Depuis que j’ai présenté mon rapport mardi dernier, mes conclusions ont fait l’objet de nombreux débats, en partie parce que les preuves que j’ai examinées sont absolument confidentielles et ne peuvent être rendues publiques.

C’est la raison pour laquelle j’ai invité deux organismes de surveillance constitués en vertu d’une loi et disposant d’une attestation de sécurité – l’un composé de parlementaires et l’autre d’experts en sécurité nationale – ainsi que les dirigeants des principaux partis fédéraux à revoir mes travaux et à présenter publiquement leurs observations à la population canadienne.

Mieux protéger la démocratie canadienne de l’ingérence étrangère

Alors que mon premier rapport portait sur des évènements récents, la deuxième partie de mon travail porte sur l’avenir. Que faire pour mieux protéger la démocratie canadienne de toute ingérence étrangère ? Le gouvernement du Canada se doit d’agir rapidement pour corriger les insuffisances et les lacunes relevées, cela afin de renforcer nos compétences en matière de détection, de dissuasion et de lutte contre l’ingérence étrangère, dont la menace pèse de plus en plus lourdement sur le pays.

Avant la fin de mon mandat en octobre, je conduirai des audiences publiques avec le public, des représentants du gouvernement et des spécialistes. Je m’intéresserai tout particulièrement aux membres des diasporas qui sont fréquemment la cible d’ingérences étrangères.

Ces derniers mois, de nombreuses questions légitimes ont été soulevées et les Canadiens attendent à juste titre que leur gouvernement leur rende des comptes.

Au cours de ces audiences, les Canadiens pourront entendre les représentants du gouvernement et des services de renseignement exposer leurs méthodes de travail pour lutter contre l’ingérence étrangère.

Dans le cadre de ce processus public, je tâcherai de déterminer les mesures à prendre pour combler les lacunes dans le dispositif de sécurité nationale du Canada en matière de gouvernance et d’organisation, et je ne me censurerai pas.
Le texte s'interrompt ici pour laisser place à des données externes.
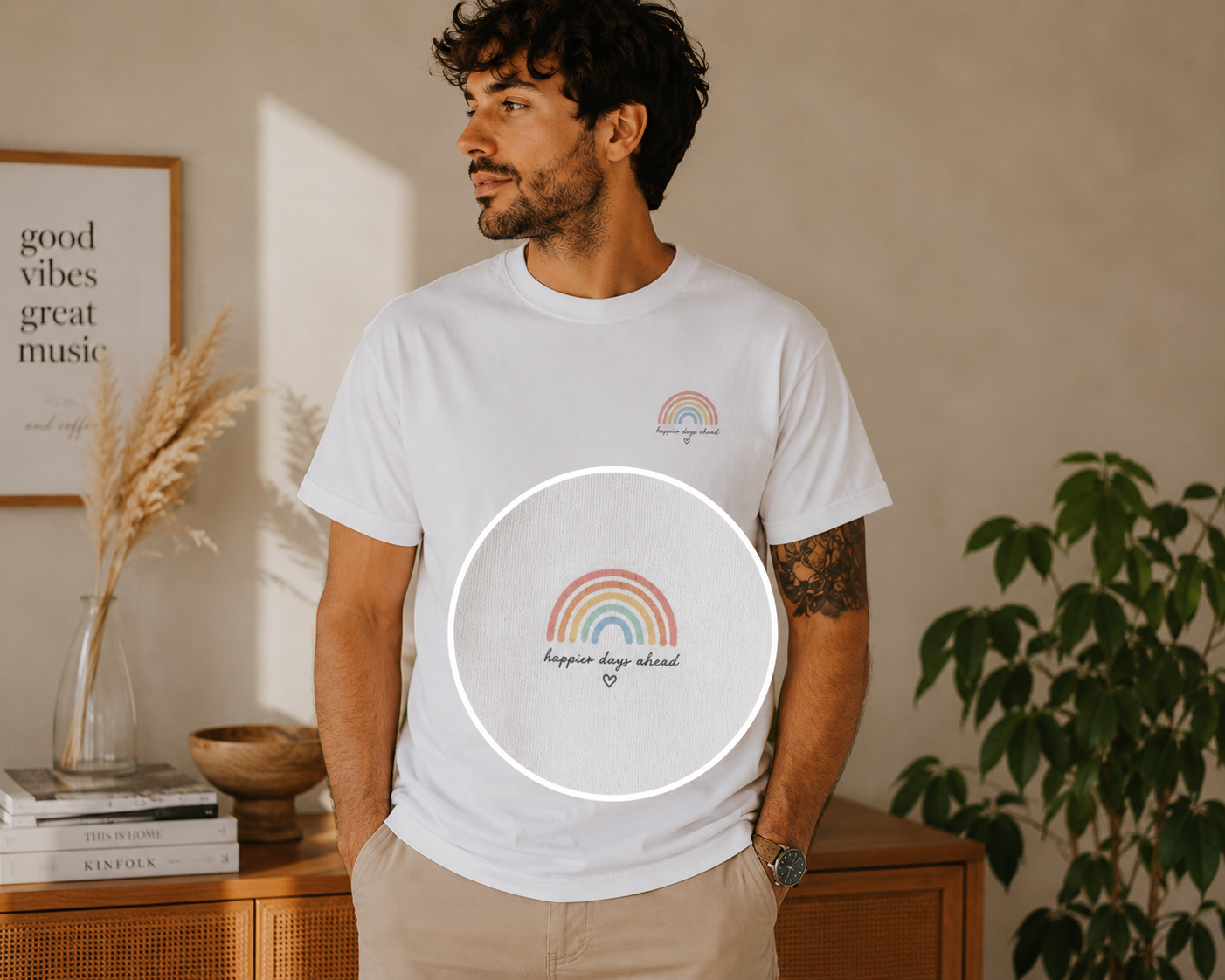 Gildan Heavy Cotton majica „Happier Days Ahead“ – Majica duginih boja s pozitivnim vibracijama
J’ai l’intention de proposer des recommandations au gouvernement afin de m’assurer que des gouvernements mal intentionnés, comme la RPC, ne puissent mettre en péril l’intégrité de notre démocratie.

Comme le mentionne mon rapport, plusieurs questions doivent être étudiées. Quelles sont les incidences particulières de l’ingérence étrangère sur les communautés de la diaspora ? Devons-nous mettre en place un processus plus transparent et quel rôle joue la déclassification ? Quelle relation convient-il d’établir entre les services de renseignement et les forces de l’ordre ? Comment les agences de sécurité peuvent-elles mieux coopérer entre elles et avec le gouvernement pour éviter d’avoir à rattraper les retards ? Comment améliorer les protocoles de suivi des renseignements pour identifier précisément qui a vu quoi et à quel moment ? Que faire pour protéger adéquatement les Canadiens contre les tentatives d’ingérence malveillantes ? Comment traiter les menaces qui pèsent sur les élus ?

À l’issue de ce processus, je formulerai des recommandations. Il appartiendra alors aux Canadiens de les juger et de demander aux élus de rendre compte des mesures qu’ils mettront en place.

Le service public au Canada est devenu l’œuvre de ma vie, et jamais je n’ai accepté un mandat aussi ambitieux que celui qui m’est confié. Bien qu’ayant constaté de graves lacunes dans notre réponse à l’ingérence étrangère, je n’ai pas terminé mon travail. Et personne ne pourra me dissuader de l’achever. Telle est la tâche que j’ai entreprise et je me sens dans l’obligation de la mener à bien dans le respect des normes les plus rigoureuses. Je laisserai ensuite aux Canadiens le soin de juger de cette contribution pour la sauvegarde de notre démocratie.